Help Determining If Drive Is Bad

Scrub is per pool.

Not sure how to see the status in the gui in scale, but from the shell zpool status will show the last scrub or resilver operation status

1 Like

Is there a way to show past scrubs? Since it is currently resilvering it just shows that instead.

No, but if your notifications are setup properly, you’d have gotten warning messages about it if something had come up.

The SMART test is there to warn you about potential trouble using common statistics that a drive might be about to go bad. The severity of each error varies, so it’s good to peruse good guides like the one from @joeschmuck over here in the old forum.

(There may be a more recent one over here in the new forum as well.)

Depending on the error, I offline, pull and replace the drive ASAP, then resilver. The drive is usually still 100% responsive but there is no reason to tempt fate. That’s why it is also important to have qualified spare drives - give yourself the luxury of a fully protected NAS while the RMA process takes its time.

1 Like

I don’t remember seeing any scrub errors, just that the drive had unreadable sectors.

I’ll take a look at the guide. What do you mean by a qualified replacement? In my case i had a spare of the same drive (although untested)

Qualified means I have put the drive through multiple tests to weed out infant deaths before the drive becomes part of the pool. Usually I do this as a short, a long SMART test followed by bad blocks and another SMART long test. See here.

@spearfoot wrote a nice script to automate it all. I have yet to use it but I reckon it works.

Running these tests is not a guarantee that the spare will function as intended under actual use but every sector / byte / block has been tested at least once. If the drive doesn’t freak out after many hours of hot grinding bad blocks work then chances are it’ll take to a nicely cooled NAS with largely dormant data like mine and call it a vacation.

1 Like

Why do you assume there’s a necessary relationship between the two things?

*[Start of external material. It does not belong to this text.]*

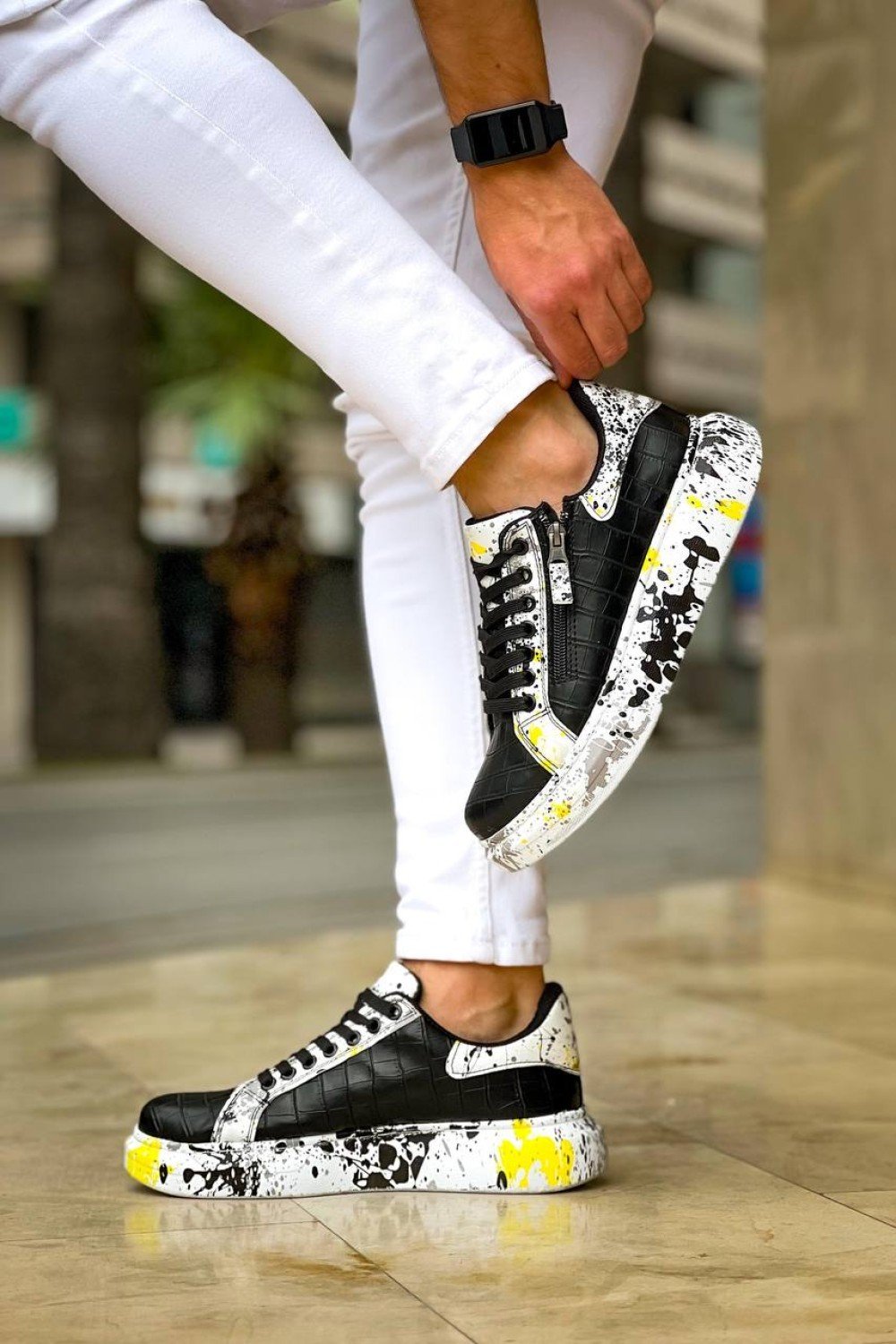 KB-02 Kuback Bağcıklı Crocodile Siyah Sarı Günlük Erkek Ayakkabı KB-02 Kuback Bağcıklı Crocodile Siyah Sarı Günlük Erkek Ayakkabı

Your drive hasn’t passed a single SMART self-test in 500 hours of runtime–not a single self-test in the log has passed. Because the log only shows the last 21 tests, we can’t see if the drive has ever passed a self-test. It’s long since time to RMA the drive.

And thoroughly test a drive before putting it into service. The method I generally follow is here:
https://www.familybrown.org/dokuwiki/doku.php?id=fester112:hvalid_hdd

2 Likes

Definitely going to test out the replacement drive. I am planning to build another NAS in the near future and will definitely test those drives as well. Do the burn-in tests use a lot of CPU resources? I have about 6 or 7 drives I will need to test and would love to do them all at once.

1 Like

I am still fairly new to the NAS world, let alone TrueNAS, so I figured if a drive was bad, the pool would throw some kind of warning as well.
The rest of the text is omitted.